With Christine McIntyre, Tim Ryan, Anthony Caruso, Bill Kennedy, John Hamilton
Directed by William Beaudine

    The best film yet to star The Bowery Boys, New Hounds is funny through and through, even as it plays out its serious story of Slip and the Boys attempting to expose corruption in boxing.  Leo Gorcey lays on the "Slipease" so thick throughout, there are times you literally won't know what he is talking about (one character even mentions this).  Meanwhile, Huntz Hall begins to develop his character of Sach as a lovable, cowardly, dumb as dirt sweetheart who can even be intimidated by a five-year-old boy.  The film has running gags, throwaway gags, punctuation gags, slapstick, several bushels of mangled English sentences, and a superb supporting cast including Three Stooges favorite Christine McIntyre as the owner of a newspaper and Anthony Caruso as a local gangster. 

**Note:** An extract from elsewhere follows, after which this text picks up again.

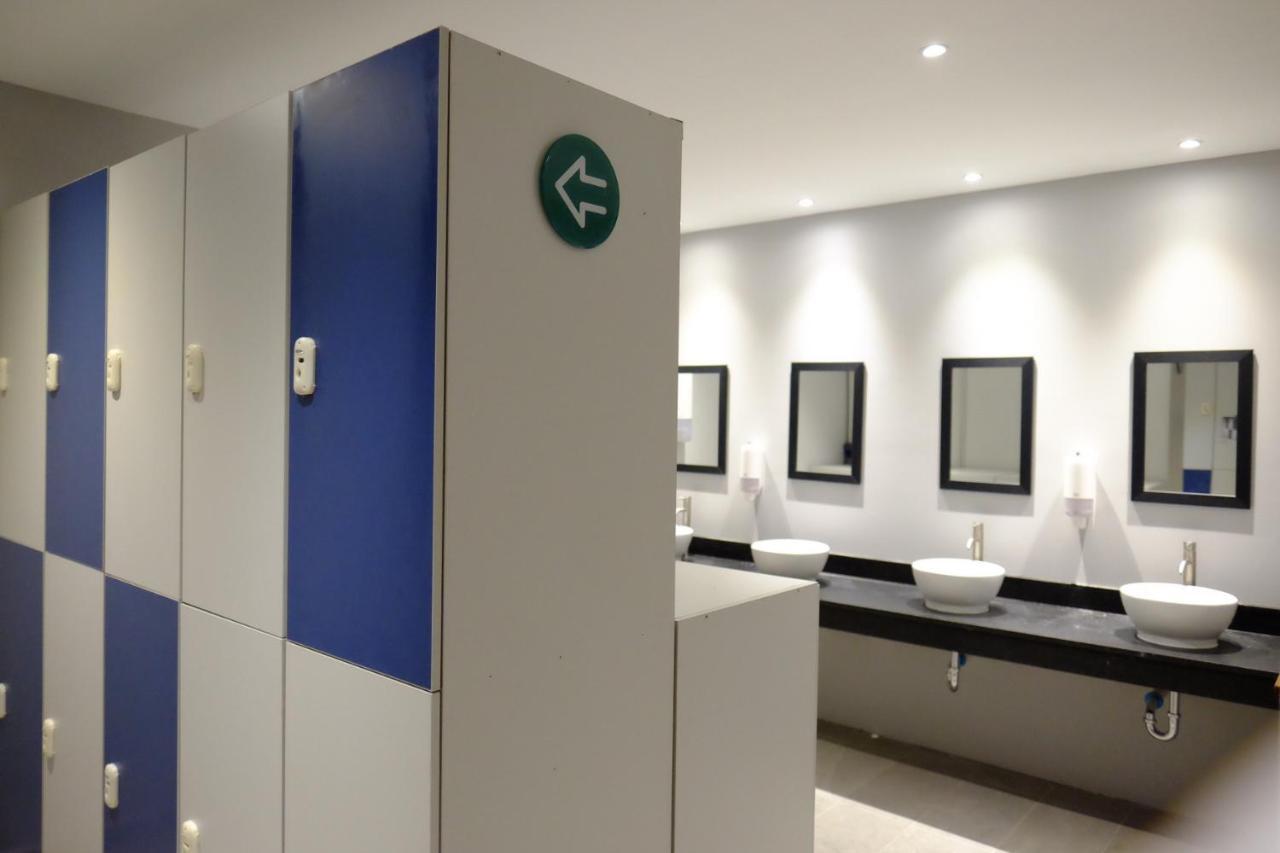 Izzzleep Aeropuerto Terminal 2 Hotel Mexico By Eksteriør billede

    However, the writing was on the wall.  Despite an opening sequence featuring Chuck (how many Bowery Boys films begin with Chuck?  Ummm... there's this one and....ummm... ), Whitey and Bobby, it is clear by now that the writers are building their scripts around Gorcey and Hall, leaving the other cast members to fend for themselves.  Bobby Jordan would be the first to leave, right after the next film, Bowery Buckaroos.  

    
A SACH IN TIME

"That's what the world needs - people like you.  Humans."


BOWERY BUCKAROOS

(1947)
The Boys: Leo Gorcey ("Slip"), Huntz Hall ("Sach"), Bobby Jordan ("Bobby"'), William "Billy" Benedict ("Whitey"), David Gorcey ("Chuck"), Gabriel Dell ("Gabe"), Bernard Gorcey ("Louie Dumbrowski")
With Julie Gibson, Jack Norman, Iron Eyes Cody, Minerva Urecal
Directed by William Beaudine

    About a month after Abbott and Costello went west in The Wistful Widow of Wagon Gap, The Bowery Boys did the same in Bowery Buckaroos.  Most comedians worth their salt eventually "went west", with Laurel and Hardy's classic Way Out West being the standard by which all other should be judged.

    The Bowery Boys western outing is an average picture with one gag worthy of any of the great master comedians.  In an unexpected twist of a great western cliché, Slip, pretending to be an outlaw, makes a dramatic entrance through the swinging doors of a saloon, shoots his guns off in the air - and nobody bats an eye.  It's funnier than it reads.  Rare for a Bowery Boys film, this one has three musical numbers: Bernard Gorcey's "Louie the Lout", a production number by Julie Gibson, and all of the boys singing a tuneless takeoff on "O' Susannah!"

    Despite Leo Gorcey's non-stop malaprops, it is Iron Eyes Cody who gets the best line.  Seeing the boys up to some suspicious activity, he says to himself "This not seem kosher to me."

    This was the last Bowery Boys film for Bobby Jordan.  Eventually, most of the Boys would grow tired of being pushed to the background as Leo Gorcey and Huntz Hall continued to grab all the best moments.  Gabe Dell would go next, followed later by Billy Benedict.  Even Leo Gorcey himself would exit from the series toward the end. Only Huntz Hall and David Gorcey would see it through to the end.